Now, the good word here is that CCJ and BAS are both moving higher. I suspect HCLP will join in soon as well (that position can be rewarded a little breather, it’s come a long way). The energy themes are solid and intact.
The bad side of the coin is that fear/reality of higher interest rates is going to just ravish the REIT and associated housing space. Check out VNQ over a five day period, and you can almost sink the cracking point up with Yellen’s comments. My current position AEC is breaking down again this morning, and an old position MAA is following.
This has to be treaded carefully. If you’re juggling garbage like NLY, I’d say you’re one four day panic away from another round of 30% losses.
I’ve said well before today, back when I never imagined Yellen would spook interest rates higher, that I was interested in rebuying MAA. This is sort of a blessing in that regards. I’d venture a guess that long term damage to multifamily REITs from higher interest rates will hover somewhere between “negligible” and “not damaging, actually positive”.
But well before that point, there will probably be a lot of indiscriminate selling from emotionally driven fund managers. The climax of that, if it should materialize, is the buying opportunity.

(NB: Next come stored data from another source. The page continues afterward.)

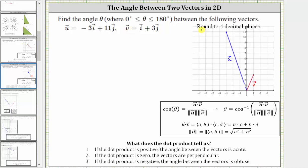We're asked to find the angle theta between the following vectors, where the angle theta will be in the closed interval from zero to 180 degrees, though we will also find the angle in radians in the closed interval from zero to pi radians.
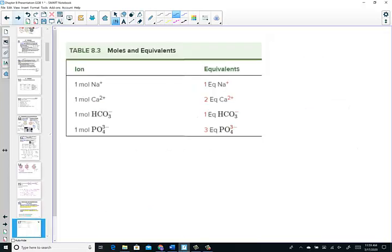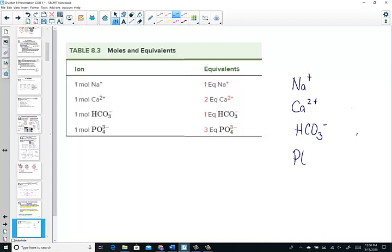From Table 8.2 in your book: sodium ion (Na⁺) delivers 1 equivalent per mole; calcium ion (Ca²⁺) delivers 2 equivalents; bicarbonate ion (HCO3⁻) delivers 1 equivalent; and phosphate ion (PO4³⁻) delivers 3 equivalents. The equivalents unit tells us the charge delivered per mole of ion.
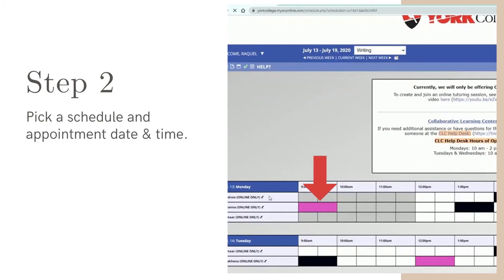Magenta, green, or blue boxes mean that someone else has already made that appointment. Gray boxes indicate the time has passed and you can no longer schedule an appointment during that time.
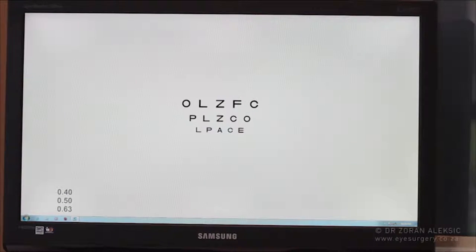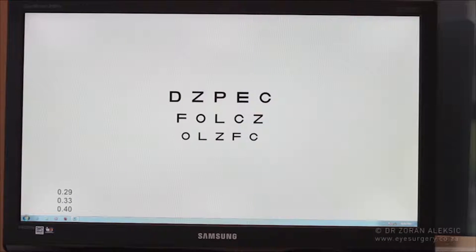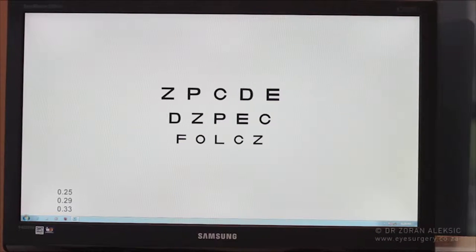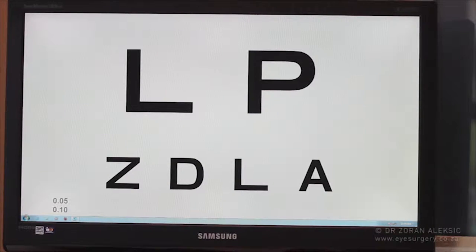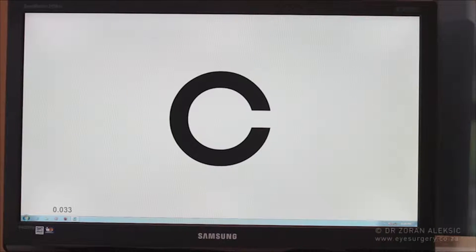We keep increasing the size of the letters. If the patient still doesn't see them, we increase the size again and again until we reach the point where there are no more letters left on that chart. After this, it's easy to say the patient has very poor visual acuity, but we actually want to put some figure next to it so whoever looks at our notes knows exactly what the visual acuity was. We presume the chart is at 6 meters distance, which is standard, and the largest letter on the chart is marked as 6 over 60 on Snellen visual acuity charts.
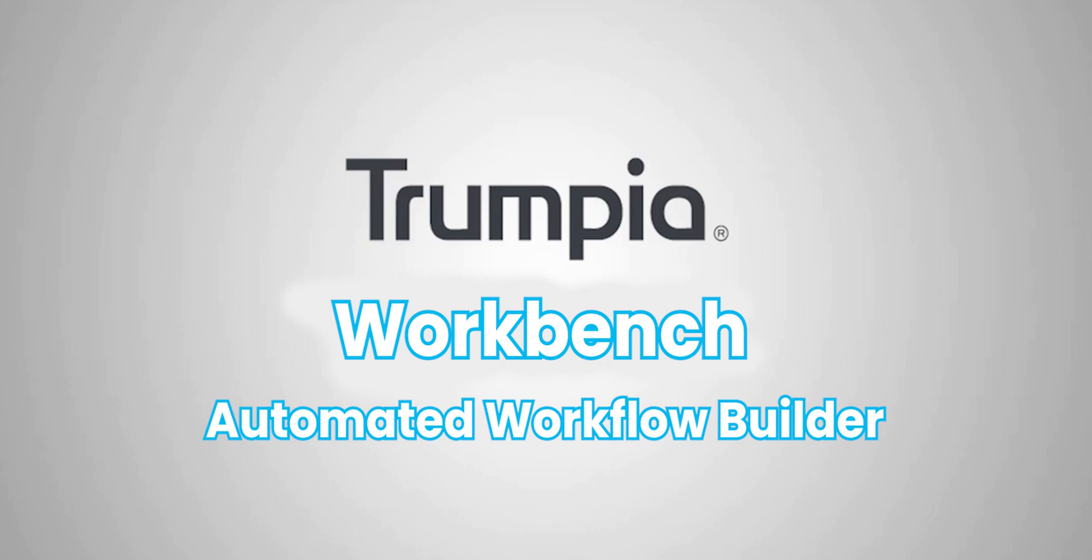In this video we will walk you through our automation tool called Workbench. Workbench is a game changer as it elevates your online SMS campaigns and optimizes your customer's journey through automation and smart targeting. Let's dive in.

Between then and now, it’s important to keep a wary eye on reform efforts to Fannie and Freddie. There’s been some “bipartisan chatter”. Mortgage origination is >70% dominated by the government backed mortgage giants, and the entire housing market is totally dependent on them. A poorly thought out reform effort could rain chaos. But there’s no sense even having a discussion about that just yet. First things first, interest rates.